The NHS promotes patients seeking care in other EU countries but there are good and bad hospitals in each country – so when it comes to discussions about care across borders it’s not a simple case of saying one country is better than another. It means that patients going abroad should carefully check a particular hospital for its quality and safety, though such information isn’t always easily available.
Patients want to be involved
The definition of care quality is that “care is effective, safe, and patient-centred” – this is enshrined in the NHS constitution. But while systems that manage quality do a good job at ensuring effectiveness and safety, we found that they have no effect on patients' perceived experience of care.
This is a real concern. More and more patients want to be involved in their care and be to be informed of treatment choices and possible side effects. Hospitals in Europe are starting to involve patients in quality committees, in discussing patient surveys and developing care pathways, but current levels are still too low. And from what we found, hospitals that involve patients in quality work are no more patient-centred than hospitals that don’t.
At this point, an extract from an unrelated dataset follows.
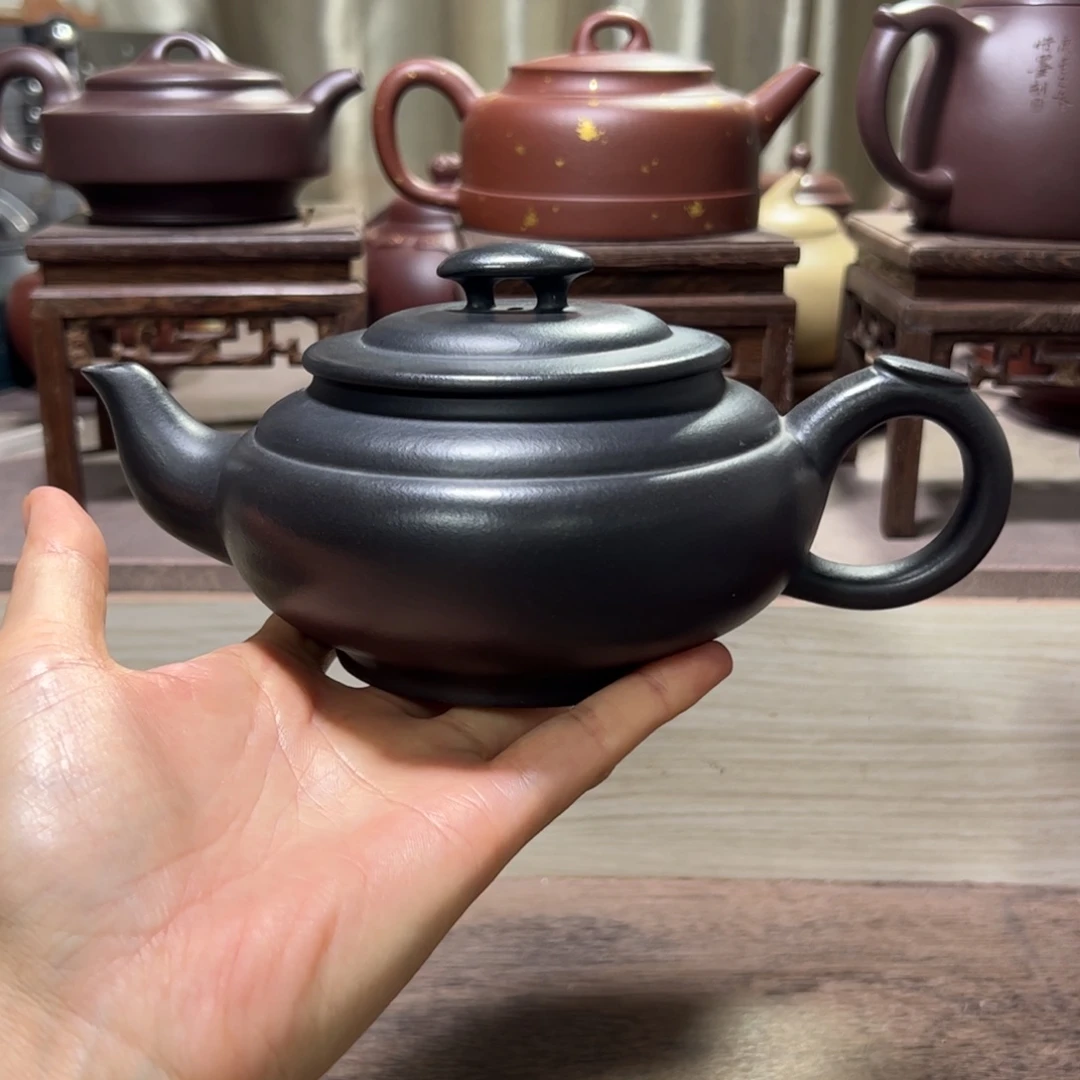 日***烫茶壶紫砂上新桥底槽清还原烧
The importance of patient-centred care was highlighted in the inquiry into the Mid-Staffordshire Foundation NHS Trust, but our findings show this is still a neglected area. The inquiry specifically emphasised the importance of patient representation and prioritising patients’ needs. But if one accepts the NHS’s definition of quality, then who is in charge of making sure it is patient-centred?
Not about individual doctors
Patients often think that it is their doctors’ clinical skills which have the biggest impact on how good their care is. While that might be true in individual cases, looking at hospital outcomes, it is really the capacity of hospital departments to deliver care which is in line with the best clinical evidence that has the strongest effect on care overall. For example, no individual professional or unit can deal with problems such as hospital infections or failure to rescue after high-risk surgery. These require hospital-wide quality management systems to establish priorities, procedures and monitoring.
Unfortunately, these high-level systems have in the past too often been bureaucratic and, rather than supporting the work in clinical departments, become an end in themselves. Now our data clearly shows that high-level quality management without clinical involvement has little impact on the quality of care. Fortunately, this is now being recognised in the NHS, but perhaps all would be better served if more attention was paid to the efforts of improving quality, instead of the few instances where systems fail and have devastating effects on patients.